### GOAL OF THE EXERCISE
Give the lines again exactly as they appear below, from the line with "エスニック　アクセサリー　カラーストーンネックレス　AN3-0201" to the line with "Estatua De Perro", both included, and only those lines. Leave every picture out.

[[ SOURCE MATERIAL, beginning ]]

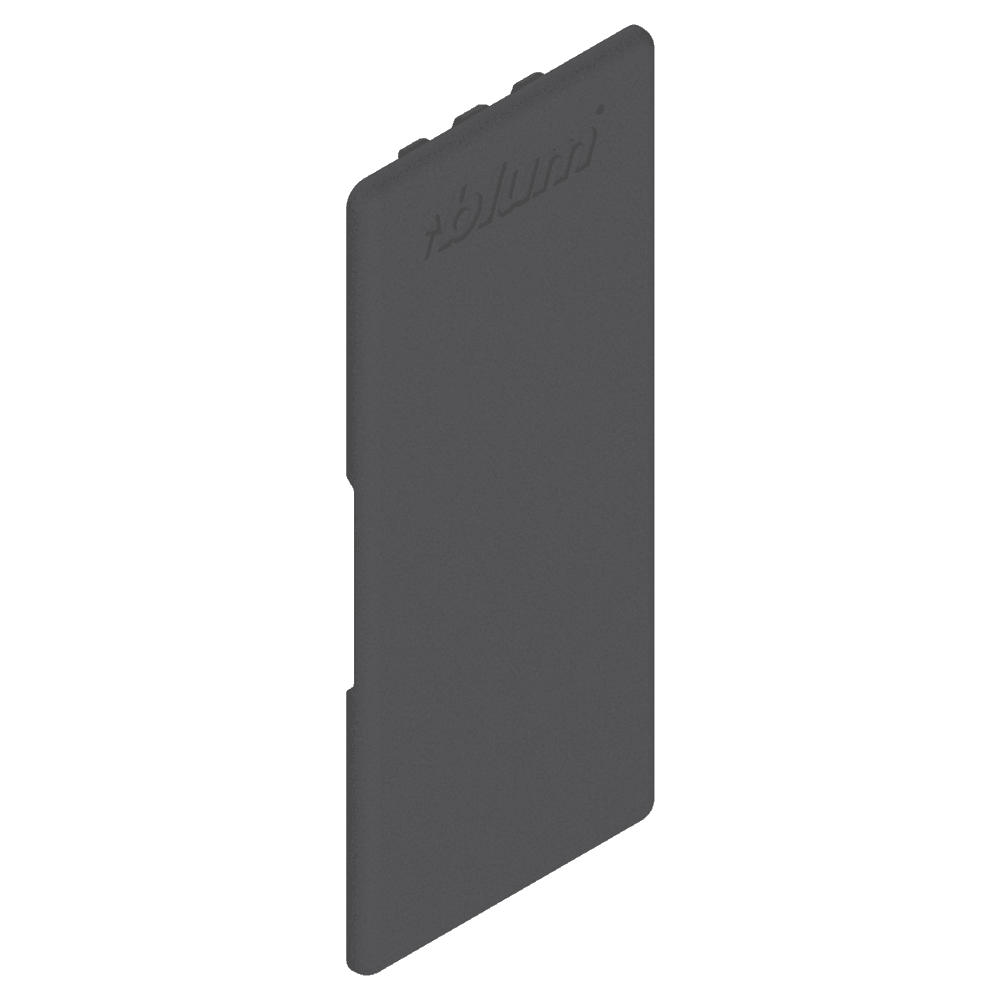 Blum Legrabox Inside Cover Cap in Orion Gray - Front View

[[ SOURCE MATERIAL, end ]]
[[ SOURCE MATERIAL, beginning ]]

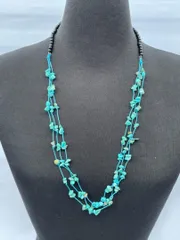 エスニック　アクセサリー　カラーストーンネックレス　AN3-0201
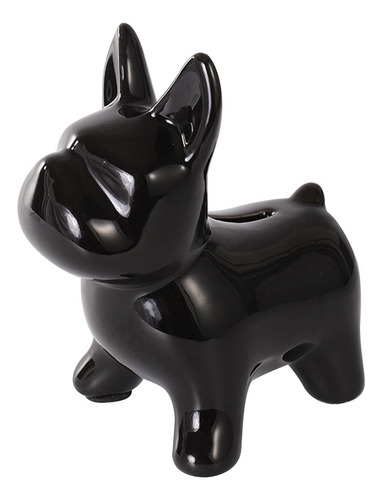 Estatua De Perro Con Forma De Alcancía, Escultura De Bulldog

[[ SOURCE MATERIAL, end ]]
[[ SOURCE MATERIAL, beginning ]]

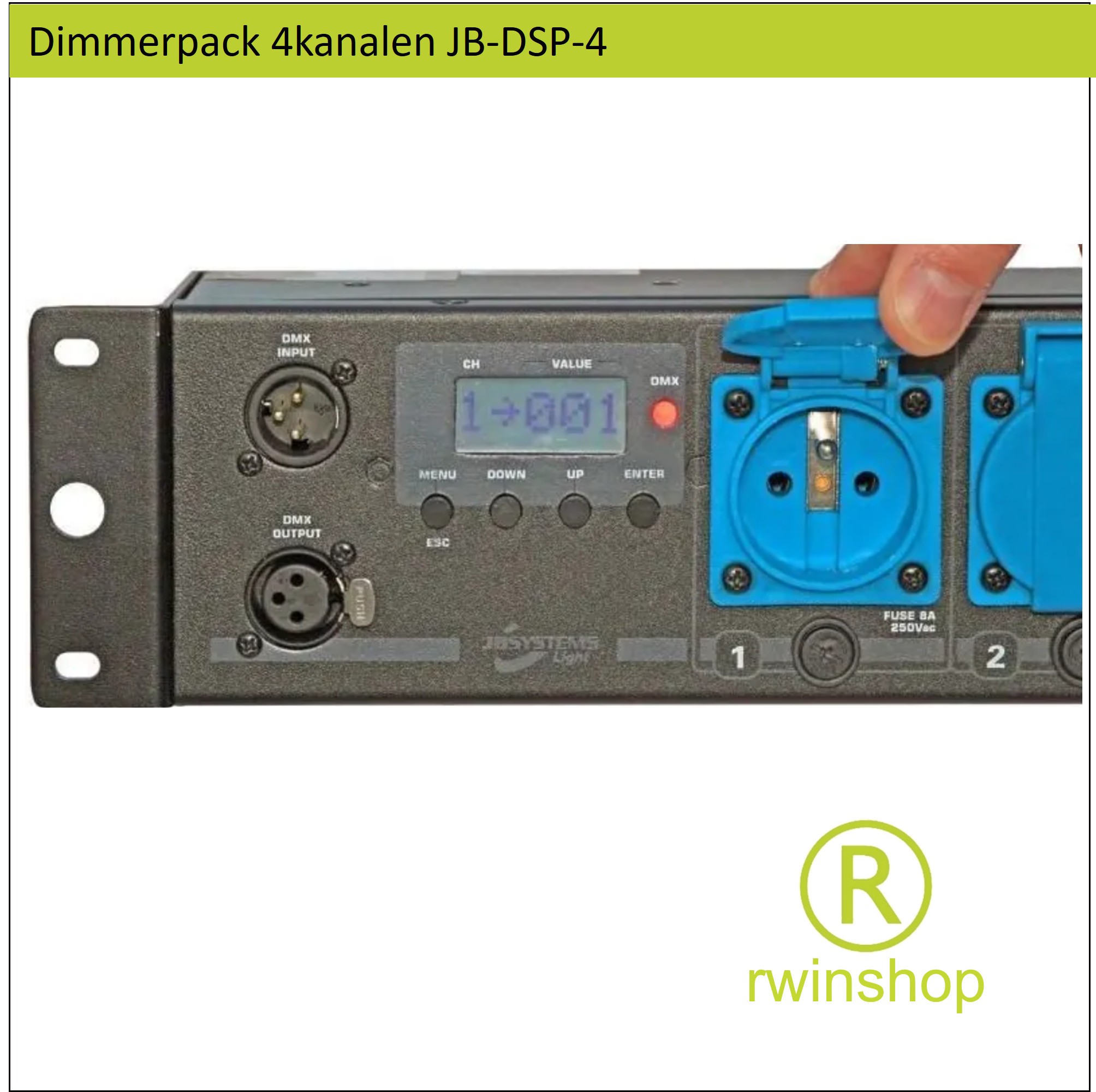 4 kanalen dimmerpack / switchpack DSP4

[[ SOURCE MATERIAL, end ]]

### YOUR SOLUTION
 エスニック　アクセサリー　カラーストーンネックレス　AN3-0201
 Estatua De Perro Con Forma De Alcancía, Escultura De Bulldog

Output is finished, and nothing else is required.